▶ What the task asks:
Take the material below and reproduce, word for word, only the lines from the line with "DOIO KD16マクロパッド 本体" through the line with "Bronze Cauldron At".
*** Material for the task Section Begins ***
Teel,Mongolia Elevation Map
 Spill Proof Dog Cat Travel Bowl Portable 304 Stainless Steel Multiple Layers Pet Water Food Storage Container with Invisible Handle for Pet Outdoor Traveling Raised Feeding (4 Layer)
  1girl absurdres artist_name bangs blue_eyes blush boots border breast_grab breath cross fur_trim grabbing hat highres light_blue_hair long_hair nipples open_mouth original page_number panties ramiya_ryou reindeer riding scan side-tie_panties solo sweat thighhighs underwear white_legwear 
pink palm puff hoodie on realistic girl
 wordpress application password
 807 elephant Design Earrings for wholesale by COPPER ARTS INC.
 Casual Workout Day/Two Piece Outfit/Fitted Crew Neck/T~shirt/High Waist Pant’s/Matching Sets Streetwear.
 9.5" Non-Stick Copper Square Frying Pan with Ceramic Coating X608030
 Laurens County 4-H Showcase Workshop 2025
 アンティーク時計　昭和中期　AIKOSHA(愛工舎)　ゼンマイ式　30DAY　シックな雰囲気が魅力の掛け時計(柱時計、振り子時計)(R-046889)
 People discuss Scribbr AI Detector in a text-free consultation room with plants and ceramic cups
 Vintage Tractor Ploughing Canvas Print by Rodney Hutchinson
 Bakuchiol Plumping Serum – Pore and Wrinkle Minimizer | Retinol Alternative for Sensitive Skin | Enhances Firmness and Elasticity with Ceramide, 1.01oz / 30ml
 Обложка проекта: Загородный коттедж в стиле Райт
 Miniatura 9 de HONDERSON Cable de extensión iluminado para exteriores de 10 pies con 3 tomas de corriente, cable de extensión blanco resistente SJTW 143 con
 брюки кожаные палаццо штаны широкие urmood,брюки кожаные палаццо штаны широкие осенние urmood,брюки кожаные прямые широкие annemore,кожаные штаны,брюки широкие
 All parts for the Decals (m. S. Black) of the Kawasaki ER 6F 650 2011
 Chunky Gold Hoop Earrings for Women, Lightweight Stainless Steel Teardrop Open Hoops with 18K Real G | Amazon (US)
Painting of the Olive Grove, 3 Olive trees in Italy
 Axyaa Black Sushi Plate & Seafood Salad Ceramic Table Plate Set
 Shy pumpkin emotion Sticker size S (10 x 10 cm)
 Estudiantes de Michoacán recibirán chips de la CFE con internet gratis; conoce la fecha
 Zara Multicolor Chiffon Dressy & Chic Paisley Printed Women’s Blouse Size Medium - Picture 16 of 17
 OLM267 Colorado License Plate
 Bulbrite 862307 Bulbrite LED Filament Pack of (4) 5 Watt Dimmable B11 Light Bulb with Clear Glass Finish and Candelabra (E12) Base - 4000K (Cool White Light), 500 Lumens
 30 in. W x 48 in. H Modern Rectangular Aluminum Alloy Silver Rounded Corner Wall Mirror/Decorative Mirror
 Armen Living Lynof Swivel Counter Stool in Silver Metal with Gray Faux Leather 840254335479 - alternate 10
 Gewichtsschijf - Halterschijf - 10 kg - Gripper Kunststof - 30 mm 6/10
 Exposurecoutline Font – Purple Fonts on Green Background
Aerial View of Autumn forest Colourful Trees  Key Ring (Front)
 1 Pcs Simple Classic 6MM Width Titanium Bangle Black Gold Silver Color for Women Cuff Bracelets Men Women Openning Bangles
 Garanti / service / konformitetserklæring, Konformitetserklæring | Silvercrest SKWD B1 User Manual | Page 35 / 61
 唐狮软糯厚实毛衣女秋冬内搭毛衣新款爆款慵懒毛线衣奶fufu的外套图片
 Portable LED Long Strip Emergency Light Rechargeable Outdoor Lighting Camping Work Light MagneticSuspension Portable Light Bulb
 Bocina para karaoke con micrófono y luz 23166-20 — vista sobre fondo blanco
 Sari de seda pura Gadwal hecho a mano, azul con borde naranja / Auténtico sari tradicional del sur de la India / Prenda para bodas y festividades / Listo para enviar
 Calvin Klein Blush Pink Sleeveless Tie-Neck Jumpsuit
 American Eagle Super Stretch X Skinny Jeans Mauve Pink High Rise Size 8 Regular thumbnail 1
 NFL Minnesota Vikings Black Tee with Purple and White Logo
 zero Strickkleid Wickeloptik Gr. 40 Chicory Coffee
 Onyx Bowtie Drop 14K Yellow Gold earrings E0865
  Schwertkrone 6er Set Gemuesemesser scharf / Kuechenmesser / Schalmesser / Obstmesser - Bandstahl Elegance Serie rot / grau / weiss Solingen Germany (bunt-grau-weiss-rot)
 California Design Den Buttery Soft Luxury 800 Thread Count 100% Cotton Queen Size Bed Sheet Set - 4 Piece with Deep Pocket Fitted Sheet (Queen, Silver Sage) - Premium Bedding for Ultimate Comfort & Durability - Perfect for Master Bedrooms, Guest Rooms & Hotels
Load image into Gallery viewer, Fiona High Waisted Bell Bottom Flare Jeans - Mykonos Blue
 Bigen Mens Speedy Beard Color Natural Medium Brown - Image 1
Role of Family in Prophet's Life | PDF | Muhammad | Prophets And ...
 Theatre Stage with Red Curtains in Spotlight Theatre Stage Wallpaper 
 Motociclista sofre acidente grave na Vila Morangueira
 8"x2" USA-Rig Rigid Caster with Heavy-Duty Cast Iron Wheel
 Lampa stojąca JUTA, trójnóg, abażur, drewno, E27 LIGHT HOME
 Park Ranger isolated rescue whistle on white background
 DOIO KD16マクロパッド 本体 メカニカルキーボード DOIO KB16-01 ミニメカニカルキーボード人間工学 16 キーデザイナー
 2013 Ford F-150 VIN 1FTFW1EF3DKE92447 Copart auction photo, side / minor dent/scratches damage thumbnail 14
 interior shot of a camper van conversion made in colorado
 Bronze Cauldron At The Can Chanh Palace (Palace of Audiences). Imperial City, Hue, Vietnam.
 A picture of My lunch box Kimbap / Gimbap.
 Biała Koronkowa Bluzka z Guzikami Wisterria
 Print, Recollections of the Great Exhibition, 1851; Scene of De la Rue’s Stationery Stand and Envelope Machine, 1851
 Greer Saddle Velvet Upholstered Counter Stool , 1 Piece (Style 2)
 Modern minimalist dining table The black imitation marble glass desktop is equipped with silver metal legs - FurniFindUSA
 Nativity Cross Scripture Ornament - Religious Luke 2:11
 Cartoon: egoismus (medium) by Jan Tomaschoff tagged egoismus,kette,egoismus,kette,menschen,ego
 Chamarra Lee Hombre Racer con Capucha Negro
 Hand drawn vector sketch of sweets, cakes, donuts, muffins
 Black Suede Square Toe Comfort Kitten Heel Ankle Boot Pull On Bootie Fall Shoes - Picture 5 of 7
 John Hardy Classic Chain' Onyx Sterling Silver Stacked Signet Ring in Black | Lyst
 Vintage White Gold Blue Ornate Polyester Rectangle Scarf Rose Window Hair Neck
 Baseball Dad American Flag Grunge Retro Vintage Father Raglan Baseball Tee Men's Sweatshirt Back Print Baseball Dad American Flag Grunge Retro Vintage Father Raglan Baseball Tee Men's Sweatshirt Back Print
*** Material for the task Section Ends ***
▶ Response:
 DOIO KD16マクロパッド 本体 メカニカルキーボード DOIO KB16-01 ミニメカニカルキーボード人間工学 16 キーデザイナー
 2013 Ford F-150 VIN 1FTFW1EF3DKE92447 Copart auction photo, side / minor dent/scratches damage thumbnail 14
 interior shot of a camper van conversion made in colorado
 Bronze Cauldron At The Can Chanh Palace (Palace of Audiences). Imperial City, Hue, Vietnam.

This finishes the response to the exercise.